A crisis between Democrats and Israel has been long in the making

The tension between Israel and the Democrats really started emerging in 2009.

That year, President Barack Obama pushed Israeli Prime Minister Benjamin Netanyahu to freeze West Bank settlement construction as part of a push toward a peace agreement. Netanyahu dragged his feet and even outright thumbed his nose at the administration. During a 2010 visit from then-Vice President Biden, Israel announced the construction of 1,600 new housing units in contested East Jerusalem.

The conflict between Obama and Netanyahu only intensified after that, as Netanyahu began acting as if Israel’s future would be best secured by allying itself with the Republican Party specifically rather than the US writ large.

He all-but-openly campaigned against Obama in 2012, worked with Republicans to coordinate opposition to the Iran deal in Congress in 2015, and then hugged Trump as tightly as possible from 2016 onward.

From the outside, this strategy seems nuts: Why would you intentionally stoke conflict with one of the two major parties in your most important ally? The answer is that Netanyahu has — correctly! — identified fundamental ideological tension between Democrats and his right-wing vision for Israel.

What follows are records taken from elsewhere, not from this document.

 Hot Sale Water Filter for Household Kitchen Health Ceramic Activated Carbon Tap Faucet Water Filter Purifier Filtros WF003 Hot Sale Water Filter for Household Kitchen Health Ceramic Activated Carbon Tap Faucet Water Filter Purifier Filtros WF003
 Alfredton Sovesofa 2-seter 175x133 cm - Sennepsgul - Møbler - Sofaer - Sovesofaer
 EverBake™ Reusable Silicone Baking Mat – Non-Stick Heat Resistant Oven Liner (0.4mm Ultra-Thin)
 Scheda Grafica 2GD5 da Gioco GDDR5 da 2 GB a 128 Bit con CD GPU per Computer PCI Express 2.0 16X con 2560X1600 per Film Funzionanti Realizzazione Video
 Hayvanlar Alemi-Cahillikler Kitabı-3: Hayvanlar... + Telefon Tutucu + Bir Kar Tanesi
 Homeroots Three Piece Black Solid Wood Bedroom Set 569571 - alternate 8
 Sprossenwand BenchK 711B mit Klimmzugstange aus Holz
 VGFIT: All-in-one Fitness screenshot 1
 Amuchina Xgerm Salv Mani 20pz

As a party that counts young people and racial minorities as key constituencies, Democrats were not likely (in the long run) to countenance indefinite Israeli occupation of the West Bank and blockade of Gaza. Netanyahu saw bolstering Republicans as the best way to protect American support without having to make concessions to Palestinians.

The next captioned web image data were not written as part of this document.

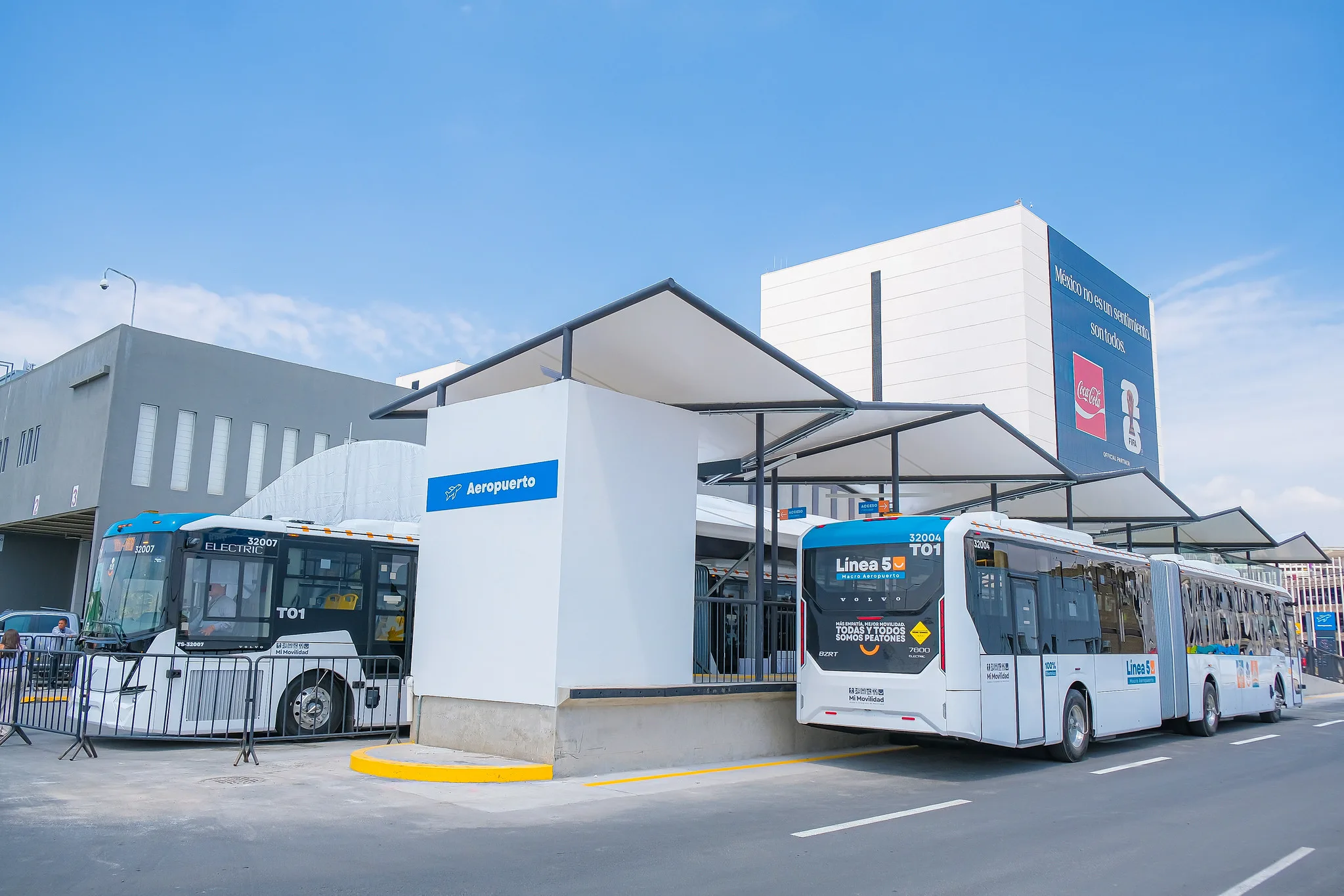 Arranca la Línea 5 del BRT: el nuevo transporte masivo que conecta al Aeropuerto de Guadalajara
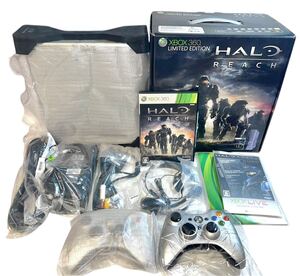 Xbox 360 Halo: Reach リミテッド エディション 250GB xbox360 本体　ヘイロー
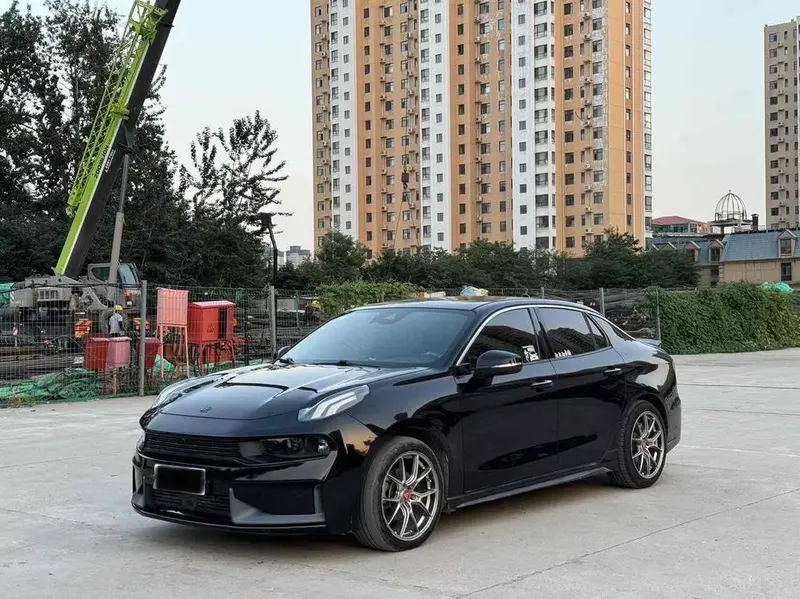 Lynk & Co 03, 2018
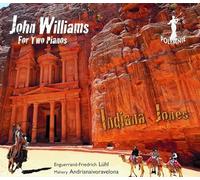 John Williams : Indiana Jones (transcriptions pour 2 pianos). Lühl, Andrianaivoravelona.
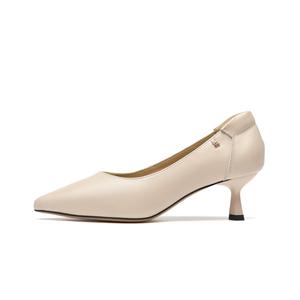 Spider King Туфли на тонком каблуке, женские, бежевые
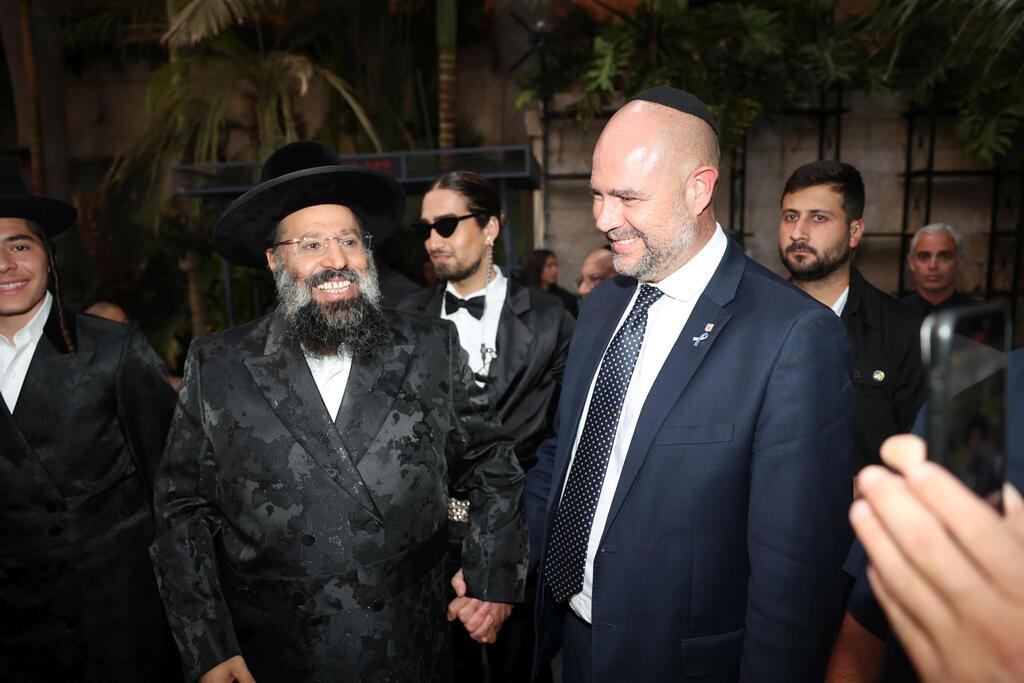חתונת בתו של האדמו״ר רבי נתנאל שריקי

Netanyahu’s theory may have become something of a self-fulfilling prophecy.

By aligning with Republicans, he turned both elite and rank-and-file Democrats against his government far more rapidly than they might have otherwise. After Netanyahu traveled to Washington to give a speech to Congress opposing the Iran deal in 2015, his approval rating among Democrats fell from 32 percent to 17 percent.

The divergence between Democrats and Israel has been on increasingly sharp display during the Gaza war. Biden’s “unconditional” support for Israel after October 7 has given way to open feuding about the postwar plan for Gaza. The US has called for Palestinian Authority rule over the Strip and a two-state solution; Netanyahu has unveiled a pseudo-plan that basically amounts to indefinite Israeli occupation.

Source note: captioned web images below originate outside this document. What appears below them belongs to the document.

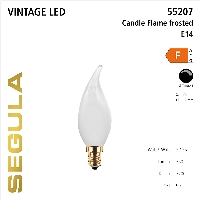 SG-55207 , LED Candle flame frosted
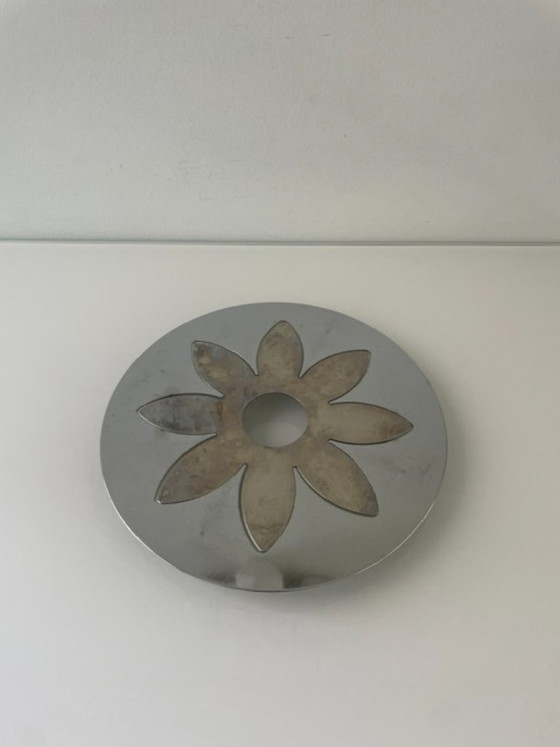 Image 1 of Vintage modular metal coasters set of 2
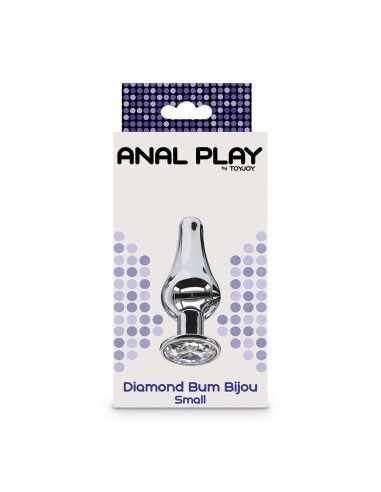 TOYJOY ANAL PLAY DIAMANTE BUM BIJOU PLUG ANAL PEQUEAO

This is hardly the only example. In a column titled “The US finally realized: Netanyahu broke an unbreakable alliance,” former Israeli diplomat Alon Pinkas lists off points of conflict between the allies — which, he concludes, are producing a fundamental rethink on the American side.

“Once the United States became convinced that Netanyahu was not being cooperative, not being a considerate ally, behaving like a crude ingrate and has been focused only on his political survival after the October 7 debacle, the time was ripe to try a new political course,” he writes.

But is anything really changing?

By all accounts, President Biden still holds a relatively old-school Democratic view of Israel — one that’s deeply sympathetic to the country and its security interests.

As frustrated as he may be with Netanyahu’s brutish policies and rank partisanship, it’s far from obvious that he is willing to start putting real pressure on Israel.

Most of Biden’s actual policies have involved giving Israel what it wants, like vetoing two UN resolutions calling for a ceasefire. Perhaps most importantly, the US has made over 100 arms sales to Israel since the war began, many of which were structured in such a way that they could escape congressional and public oversight.

For this reason, hearing about the administration’s frustration with Israel can feel a bit like hearing about Republican frustration with Trump. They’re perfectly happy to complain to reporters in private so long as they don’t have to actually do anything about it.

Yet at the same time, events appear to be moving toward a breaking point. Biden’s personal views on Israel are crashing on the shoals of Israel’s terrible war policy and long-brewing tension within his own political coalition.

We may soon find out whether the long-predicted crisis in US-Israel relations is truly here — or once again delayed.